The first two stories are ruined by unconvincing, supernatural twists, and the third story follows the basic formula of the first Zuni doll story. Still, this sequel has its moments.
21 years after the original was released, Trilogy of Terror II tries to recapture the magic, manic energy that the first film brought, with three more stories told in anthology format with Lysette Anthony now playing the main lead.
“The Graveyard Rats”
Plot: The young widow of a millionaire and her lover attempt to access his fortune through nefarious means.
Review: Most of this story was quite good; Lysette Anthony was convincing as the put-upon young wife of a tyrannical old man, while Geraint Wyn Davies is gleefully unscrupulous as her lover who schemes to off the old man and collect his fortune. Most of the story is told in a drawn-out, thoughtful manner that shows the unravelling of the main characters’ plans. It’s only when we get to the third act that things take a turn for the strange.
The third act feels like something belonging to a different story and really didn’t fit with the narrative established. You had a supernatural element that just didn’t work for me with the rest of the story. Not only that, but the rats themselves were also unconvincing, large, red-eyed puppets that seemed to flop around instead of menace and maim. I get what they were trying to do – this feels very Poe-esque in execution. However, it just didn’t fit well together and wasn’t helped but the unconvincing appearance and performances by the rats.

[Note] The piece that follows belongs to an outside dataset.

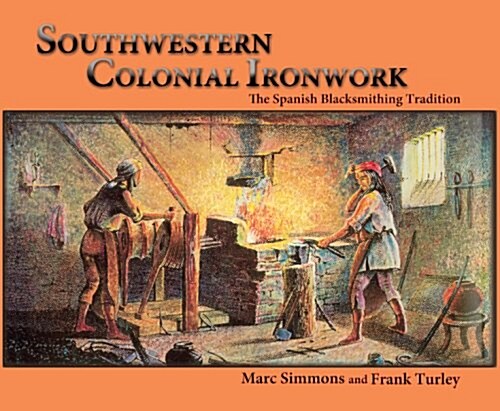 Southwestern Colonial Ironwork: The Spanish Blacksmithing Tradition (Paperback)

Plot: The mother of a drowned boy conjures dark forces to bring her son back to life.
Review: Again, parts of this story worked. Lysette Anthony is decent as a depressed, desperate mother who will do anything to bring her child back. When Bobby does return to life, they do a bit of a slow-burn, not showing that there’s something not right with him at the start, but doing a gradual descent. There are parts of the story that are quite suspenseful, especially when Bobby gleefully tells his mother that they’re going to play hide-and-seek, though you know what he has in mind is anything but playful.
Where it goes sideways is again, in the third act. I don’t want to foist the blame solely on actor Blake Heron, who plays Bobby; I feel like, with better direction, the role would have been more menacing and less annoying. Unfortunately, that’s what Bobby becomes by the end – an annoying, braying brat. You aren’t scared, you just want to see him kicked out a window or set on fire and be done with it. Also, it suffered from the same problem as the last story – an unconvincing turn to the supernatural, this time with unconvincing makeup effects. Without this unfortunate turn, this middle story of the anthology would have been a lot better.
“He Who Kills”
Plot: After the events of the first Zuni fetish doll story told in the original movie, the police discover the doll and take it to the Museum of Natural History, only for it to return to life and wreak havoc.
Story: I thought it was an interesting idea to make this story a direct sequel to the original; I guess it speaks to how popular the first story was. Lysette Anthony gives her best performance of the three, this time playing just an ordinary woman, just doing her job and snickering snidely at the idea that the doll could return to life. She plays terrified well here, and she effectively gives credence to the threat of the doll. One of the deaths in this one was inventive and showed the doll wasn’t a one-trick killer, which also helped to amp up the scare level.
Unfortunately, again, the story is undone in the third act. I will say that unlike the other two stories, the effects in this one were better, certainly better than its predecessor. It also helps that the camera didn’t linger so much on the doll running around, which in the first film, led to it looking preposterous and laughable. The minimized focus on the doll’s actions did help. However, the problem is, the third act is just a rehash of the third act of the first film. The doll gets the main character alone, she traps it in a box-like object, it cuts its way out, etc. Literally, the same actions were performed, verbatim, from the original. This feels less like a homage and more like a cop-out as if the filmmakers didn’t know what new to bring during the confrontation between the main character and the doll and just went back to what worked in the original.
Overall, the sequel is (surprise, surprise), not as good as the original. That’s not to say there’s no value in this movie – it has its moments, Lysette Anthony tries her best, though she lacks Karen Black’s presence from the original. If they made the first two stories more consistent (as in didn’t undo everything with unconvincing supernatural effects at the end) and didn’t just copy the third story from the original, this would have been just as good as the first entry.